# I have the most rats!



## Mouser (Oct 2, 2008)

I have the most rats of everyone here! How many rats do you have in addition? I am sure you all have less than me has! HAHAHAHA!!! I win!


----------



## SamAnthrax (Jan 5, 2008)

......ok?

and i believe the person that has the most is 56


----------



## HeadBanger (Oct 2, 2008)

I haven't counted my rats lately, but at a guess I have around 35-40


----------



## Marysmuse (Apr 28, 2008)

Umm... it's a contest? :lol:

Have you read all the posts? Some of the members run rescues etc, so you're in very ratty company. 

Myself, I only have six, (Two mine, four fosters) and it's enough work to keep me busy.  I'd rather have a few and spend lots of time with them than have many and not have enough time for them all. 

Rejoicing in the day,
-Mary


----------



## Mouser (Oct 2, 2008)

I have 52 in addition! Hahahaha! I am the winner!


----------



## lilspaz68 (Feb 24, 2007)

Sorry....56 here. ALL rescues, all in big cages, fed properly, vet treatment, Out times (my only problem is not as often as most rats should, but we manage).

Most were in terrible situations, ill and owner couldn't afford the vet treatment, or about to be euthanized at shelters.

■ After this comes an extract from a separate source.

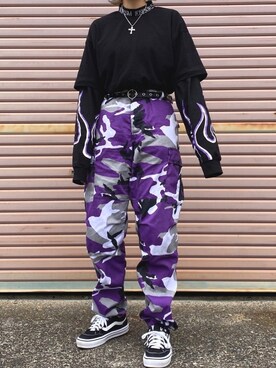 トップス パープル系 を使った 迷彩パンツ の人気ファッションコーディネート Wear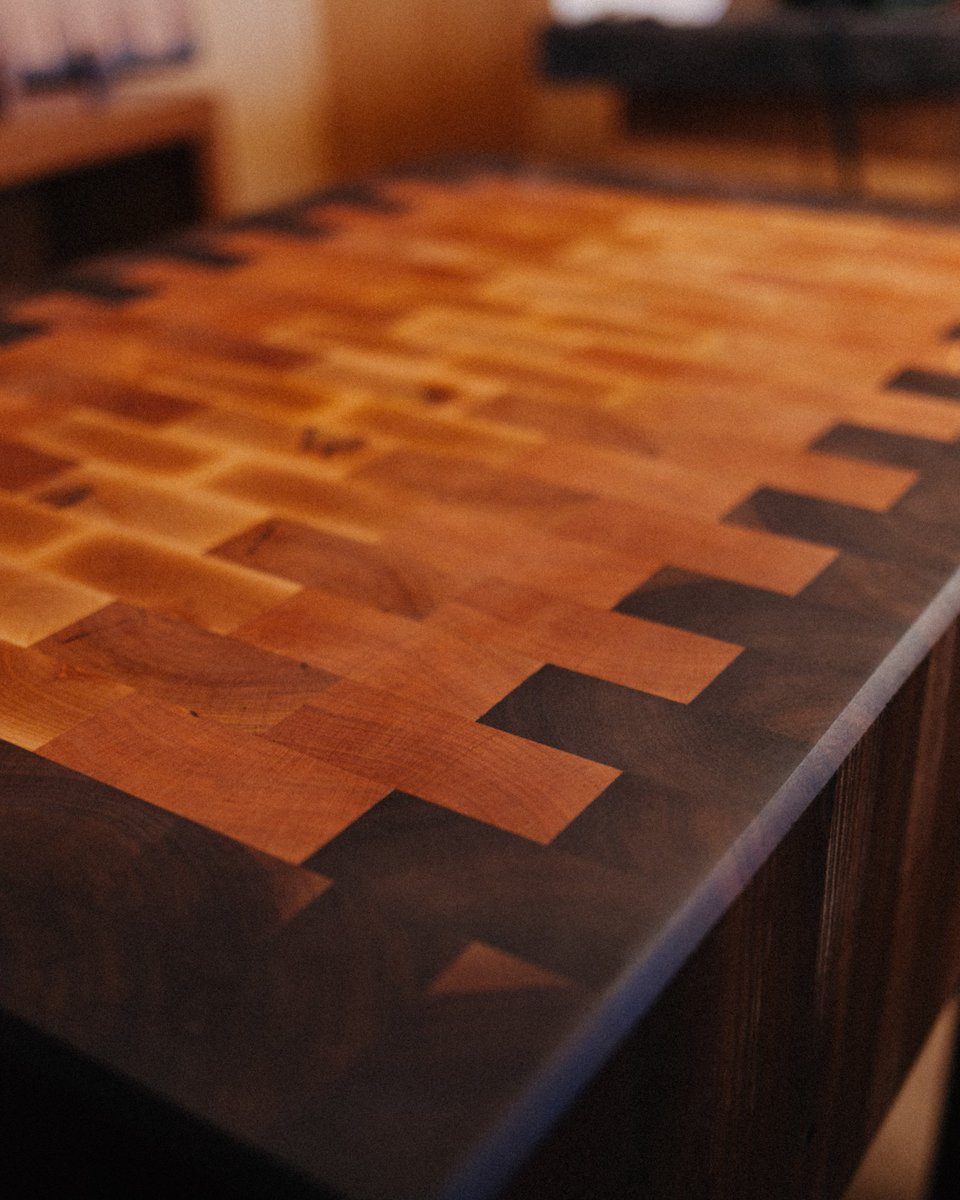 MontanaBlockCo's tweet image. Our butcher block island is waiting for a forever home! Sturdy, solid, end-grain design with forged bars on either end to hold towels or tools. Stop by our showroom in the new year to check it out!

Quality. Functional. Art.
100% USA Made.

#butcherblock
#woodworking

I get the impression your rats are bred constantly, so you must have lots of rats with litters?


----------



## Meliss (Sep 1, 2007)

two right now but getting babies soon.


----------



## Marysmuse (Apr 28, 2008)

The difference is, Shelagh's get good care, and go to loving homes where their needs are met. I doubt rats produced on a mass scale and given away indiscriminately will have such a happy fate. Shelagh wins.

Rejoicing in the day,
-Mary


----------



## OnlyOno (Apr 4, 2007)

less than me has? cute. this isn't a competition. no matter how many rats you have, you should only have as many as you can give proper care for. i couldn't see myself with any more than the 4 girls i currently have...


----------



## phaidraft (Apr 9, 2008)

My limit is two.


----------



## lilspaz68 (Feb 24, 2007)

mouser posted a link to a horrible ratmill celebrating how many rats the man had. I don't think she's gonna care.


----------



## A1APassion (Jul 29, 2007)

Mouser said:


> I have 52 in addition! Hahahaha! I am the winner!


you lose


as of today we have 79

& not one of them gets picked up by their tail or is indiscriminately or purposely bred. 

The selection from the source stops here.